The mesopelagic zone, from “meso” meaning intermediate, represents a water layer of the ocean below the epipelagic and above the bathypelagic zones, at depths between 200 and 1000 m, that is characterized by increased hydrostatic pressure, diminished light, high inorganic nutrient concentrations and episodic food supply1. A large number of marine organisms live in the mesopelagic zone, from bacteria to zooplankton and nekton, including species adapted to peculiar conditions, such as the twilight environment, inhabited by a myriad of bioluminescent and unique organisms2,3,4. These organisms often form huge biomass aggregations, supporting important pelagic trophic webs and several top predators5,6,7,8. In particular, due to their high density and wide diffusion, mesopelagic fish can be considered the most abundant vertebrates on earth9.

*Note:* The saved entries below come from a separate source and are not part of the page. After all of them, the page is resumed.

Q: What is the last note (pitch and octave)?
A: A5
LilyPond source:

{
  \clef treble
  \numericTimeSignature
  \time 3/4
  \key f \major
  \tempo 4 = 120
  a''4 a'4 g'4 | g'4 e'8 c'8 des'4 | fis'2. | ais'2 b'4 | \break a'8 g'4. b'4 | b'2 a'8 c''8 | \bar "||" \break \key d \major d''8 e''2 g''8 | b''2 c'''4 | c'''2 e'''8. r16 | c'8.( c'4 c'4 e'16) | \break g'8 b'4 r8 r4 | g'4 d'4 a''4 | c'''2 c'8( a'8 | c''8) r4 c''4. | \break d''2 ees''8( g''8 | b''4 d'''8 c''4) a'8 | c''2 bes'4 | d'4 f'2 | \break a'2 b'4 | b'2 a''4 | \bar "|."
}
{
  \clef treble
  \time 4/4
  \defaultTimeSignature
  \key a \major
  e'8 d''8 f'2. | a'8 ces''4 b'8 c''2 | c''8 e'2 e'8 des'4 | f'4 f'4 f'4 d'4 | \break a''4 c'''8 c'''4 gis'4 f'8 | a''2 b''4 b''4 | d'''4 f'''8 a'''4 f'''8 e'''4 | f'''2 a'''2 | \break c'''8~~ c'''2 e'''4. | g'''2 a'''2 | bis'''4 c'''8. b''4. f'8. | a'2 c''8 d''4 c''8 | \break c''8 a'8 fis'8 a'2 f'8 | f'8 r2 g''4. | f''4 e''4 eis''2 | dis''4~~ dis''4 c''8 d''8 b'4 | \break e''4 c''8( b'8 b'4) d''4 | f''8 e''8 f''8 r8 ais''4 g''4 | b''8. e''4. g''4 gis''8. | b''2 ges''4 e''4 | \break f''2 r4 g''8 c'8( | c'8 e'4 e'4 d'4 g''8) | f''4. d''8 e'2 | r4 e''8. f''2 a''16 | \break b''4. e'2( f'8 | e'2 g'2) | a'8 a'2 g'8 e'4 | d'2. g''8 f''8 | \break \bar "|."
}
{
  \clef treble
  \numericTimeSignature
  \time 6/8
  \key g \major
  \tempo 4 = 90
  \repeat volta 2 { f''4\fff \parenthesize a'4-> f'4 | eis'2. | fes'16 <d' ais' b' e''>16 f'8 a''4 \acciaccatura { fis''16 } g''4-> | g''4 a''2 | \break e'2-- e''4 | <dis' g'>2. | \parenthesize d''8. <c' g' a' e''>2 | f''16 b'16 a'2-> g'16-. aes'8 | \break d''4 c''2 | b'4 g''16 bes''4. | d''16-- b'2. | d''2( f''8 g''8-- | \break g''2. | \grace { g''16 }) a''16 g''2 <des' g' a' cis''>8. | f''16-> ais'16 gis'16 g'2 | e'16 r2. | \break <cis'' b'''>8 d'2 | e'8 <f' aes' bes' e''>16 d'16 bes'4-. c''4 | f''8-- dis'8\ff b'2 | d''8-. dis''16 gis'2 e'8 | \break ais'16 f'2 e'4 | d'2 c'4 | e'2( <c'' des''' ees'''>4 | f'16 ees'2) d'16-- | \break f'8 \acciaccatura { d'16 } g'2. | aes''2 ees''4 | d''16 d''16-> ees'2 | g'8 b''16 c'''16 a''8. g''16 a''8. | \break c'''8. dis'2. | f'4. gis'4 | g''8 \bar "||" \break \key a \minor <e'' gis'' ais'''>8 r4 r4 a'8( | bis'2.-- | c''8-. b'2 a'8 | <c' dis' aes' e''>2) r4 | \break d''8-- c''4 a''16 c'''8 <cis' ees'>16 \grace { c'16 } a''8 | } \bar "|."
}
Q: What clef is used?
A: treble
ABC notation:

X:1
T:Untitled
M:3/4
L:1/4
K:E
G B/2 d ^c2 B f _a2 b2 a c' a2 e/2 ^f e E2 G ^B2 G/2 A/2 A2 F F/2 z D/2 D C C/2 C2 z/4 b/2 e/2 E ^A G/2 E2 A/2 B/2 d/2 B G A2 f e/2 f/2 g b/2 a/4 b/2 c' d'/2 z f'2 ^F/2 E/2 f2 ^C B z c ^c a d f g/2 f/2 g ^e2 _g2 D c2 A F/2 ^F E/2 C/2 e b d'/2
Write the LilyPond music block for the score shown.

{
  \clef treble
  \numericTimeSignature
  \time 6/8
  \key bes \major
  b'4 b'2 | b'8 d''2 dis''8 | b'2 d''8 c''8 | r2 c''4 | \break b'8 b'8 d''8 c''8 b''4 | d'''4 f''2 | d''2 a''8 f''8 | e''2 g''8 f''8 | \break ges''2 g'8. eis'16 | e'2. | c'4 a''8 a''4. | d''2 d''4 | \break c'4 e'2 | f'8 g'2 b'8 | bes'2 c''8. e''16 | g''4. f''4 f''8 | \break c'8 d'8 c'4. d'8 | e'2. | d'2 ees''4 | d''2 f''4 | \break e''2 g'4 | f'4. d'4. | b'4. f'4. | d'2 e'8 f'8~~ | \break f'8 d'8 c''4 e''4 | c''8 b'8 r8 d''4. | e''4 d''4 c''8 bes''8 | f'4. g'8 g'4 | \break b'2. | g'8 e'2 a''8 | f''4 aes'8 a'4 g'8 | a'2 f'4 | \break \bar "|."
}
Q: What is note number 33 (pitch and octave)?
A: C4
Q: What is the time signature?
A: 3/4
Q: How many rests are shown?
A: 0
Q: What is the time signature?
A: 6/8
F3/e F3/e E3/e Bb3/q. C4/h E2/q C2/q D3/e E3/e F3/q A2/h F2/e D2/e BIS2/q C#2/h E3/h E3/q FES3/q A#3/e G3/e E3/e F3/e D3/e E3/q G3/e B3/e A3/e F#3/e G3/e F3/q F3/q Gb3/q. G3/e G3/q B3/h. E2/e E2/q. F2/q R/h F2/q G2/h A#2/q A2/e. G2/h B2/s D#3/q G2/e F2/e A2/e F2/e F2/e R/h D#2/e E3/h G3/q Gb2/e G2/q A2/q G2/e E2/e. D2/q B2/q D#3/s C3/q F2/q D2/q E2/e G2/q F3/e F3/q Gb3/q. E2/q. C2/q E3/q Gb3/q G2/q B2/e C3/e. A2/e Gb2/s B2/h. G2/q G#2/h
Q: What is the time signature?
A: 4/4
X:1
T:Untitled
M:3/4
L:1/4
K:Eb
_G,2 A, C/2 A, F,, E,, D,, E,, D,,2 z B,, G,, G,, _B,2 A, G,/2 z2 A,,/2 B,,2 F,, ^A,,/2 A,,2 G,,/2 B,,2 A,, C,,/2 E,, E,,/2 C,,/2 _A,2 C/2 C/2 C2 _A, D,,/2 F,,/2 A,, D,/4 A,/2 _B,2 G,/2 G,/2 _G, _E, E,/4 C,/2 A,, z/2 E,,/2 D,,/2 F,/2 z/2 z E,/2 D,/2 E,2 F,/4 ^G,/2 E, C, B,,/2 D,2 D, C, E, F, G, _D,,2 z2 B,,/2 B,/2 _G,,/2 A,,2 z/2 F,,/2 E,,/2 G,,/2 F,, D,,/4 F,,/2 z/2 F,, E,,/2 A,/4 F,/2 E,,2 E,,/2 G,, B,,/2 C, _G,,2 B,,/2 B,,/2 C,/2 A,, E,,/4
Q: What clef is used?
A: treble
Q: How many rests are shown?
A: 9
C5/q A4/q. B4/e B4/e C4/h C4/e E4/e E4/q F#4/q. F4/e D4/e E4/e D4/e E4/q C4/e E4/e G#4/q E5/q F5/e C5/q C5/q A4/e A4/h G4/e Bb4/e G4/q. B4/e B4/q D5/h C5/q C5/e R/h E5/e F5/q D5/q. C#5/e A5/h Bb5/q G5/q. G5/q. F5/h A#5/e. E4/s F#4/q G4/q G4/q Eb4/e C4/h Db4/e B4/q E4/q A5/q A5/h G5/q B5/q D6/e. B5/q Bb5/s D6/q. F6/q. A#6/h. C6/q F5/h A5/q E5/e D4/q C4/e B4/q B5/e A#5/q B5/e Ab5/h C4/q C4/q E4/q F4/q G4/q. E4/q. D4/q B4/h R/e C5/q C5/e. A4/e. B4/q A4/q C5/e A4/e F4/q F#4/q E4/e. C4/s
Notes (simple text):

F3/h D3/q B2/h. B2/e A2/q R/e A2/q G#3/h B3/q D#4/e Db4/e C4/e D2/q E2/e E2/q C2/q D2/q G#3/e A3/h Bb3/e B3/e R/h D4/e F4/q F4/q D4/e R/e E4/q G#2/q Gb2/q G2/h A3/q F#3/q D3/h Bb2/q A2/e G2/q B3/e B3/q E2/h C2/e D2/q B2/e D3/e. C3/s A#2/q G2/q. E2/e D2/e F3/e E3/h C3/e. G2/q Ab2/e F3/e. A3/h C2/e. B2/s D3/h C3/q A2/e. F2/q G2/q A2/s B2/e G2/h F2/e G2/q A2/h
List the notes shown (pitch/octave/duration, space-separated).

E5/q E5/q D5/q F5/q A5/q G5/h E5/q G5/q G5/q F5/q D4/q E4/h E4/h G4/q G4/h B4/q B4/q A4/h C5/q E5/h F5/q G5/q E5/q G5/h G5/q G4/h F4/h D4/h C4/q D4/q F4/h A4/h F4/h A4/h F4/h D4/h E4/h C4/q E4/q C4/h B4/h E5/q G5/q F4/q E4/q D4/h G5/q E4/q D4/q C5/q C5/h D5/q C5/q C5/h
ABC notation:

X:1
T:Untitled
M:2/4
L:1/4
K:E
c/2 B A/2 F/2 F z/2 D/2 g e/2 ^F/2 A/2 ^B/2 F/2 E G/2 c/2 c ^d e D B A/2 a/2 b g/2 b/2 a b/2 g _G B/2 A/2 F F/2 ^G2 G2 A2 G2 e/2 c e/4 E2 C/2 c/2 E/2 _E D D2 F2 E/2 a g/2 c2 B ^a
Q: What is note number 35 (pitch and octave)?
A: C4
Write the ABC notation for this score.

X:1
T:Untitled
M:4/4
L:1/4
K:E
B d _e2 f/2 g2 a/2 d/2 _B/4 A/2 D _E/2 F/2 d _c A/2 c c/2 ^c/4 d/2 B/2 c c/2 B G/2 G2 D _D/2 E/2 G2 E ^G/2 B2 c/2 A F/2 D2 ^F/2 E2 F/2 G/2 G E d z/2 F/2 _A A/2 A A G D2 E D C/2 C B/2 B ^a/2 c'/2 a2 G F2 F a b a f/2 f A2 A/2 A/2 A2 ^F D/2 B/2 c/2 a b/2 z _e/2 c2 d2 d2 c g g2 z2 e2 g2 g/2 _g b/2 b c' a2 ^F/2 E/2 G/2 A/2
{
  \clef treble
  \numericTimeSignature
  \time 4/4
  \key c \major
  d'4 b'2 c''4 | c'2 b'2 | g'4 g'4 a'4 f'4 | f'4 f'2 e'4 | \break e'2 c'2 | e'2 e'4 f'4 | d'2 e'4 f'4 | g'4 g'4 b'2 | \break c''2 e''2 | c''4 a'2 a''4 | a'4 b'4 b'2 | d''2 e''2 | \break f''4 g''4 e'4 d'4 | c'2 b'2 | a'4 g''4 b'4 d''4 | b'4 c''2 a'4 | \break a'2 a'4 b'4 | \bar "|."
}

Studies on mesopelagic micronekton have been mainly focused on their distribution, biology and ecology as well as bioluminescent properties but studies related to their potential biotechnological applications are very rare. The reason is mainly due to high costs for their sampling, often requiring the planning of research cruises, the scarce scientific information on most species, and the very scarce available information on their genomes and transcriptomes. Few mesopelagic species are accidentally caught by fishing gear. However, in the Straits of Messina (central Mediterranean Sea), there is a recurrent phenomenon of stranding of mesopelagic organisms due to several factors. Tidal currents, lunar phases, winds and seasons influence the frequency of occurrence of the stranding of mesopelagic species10,11.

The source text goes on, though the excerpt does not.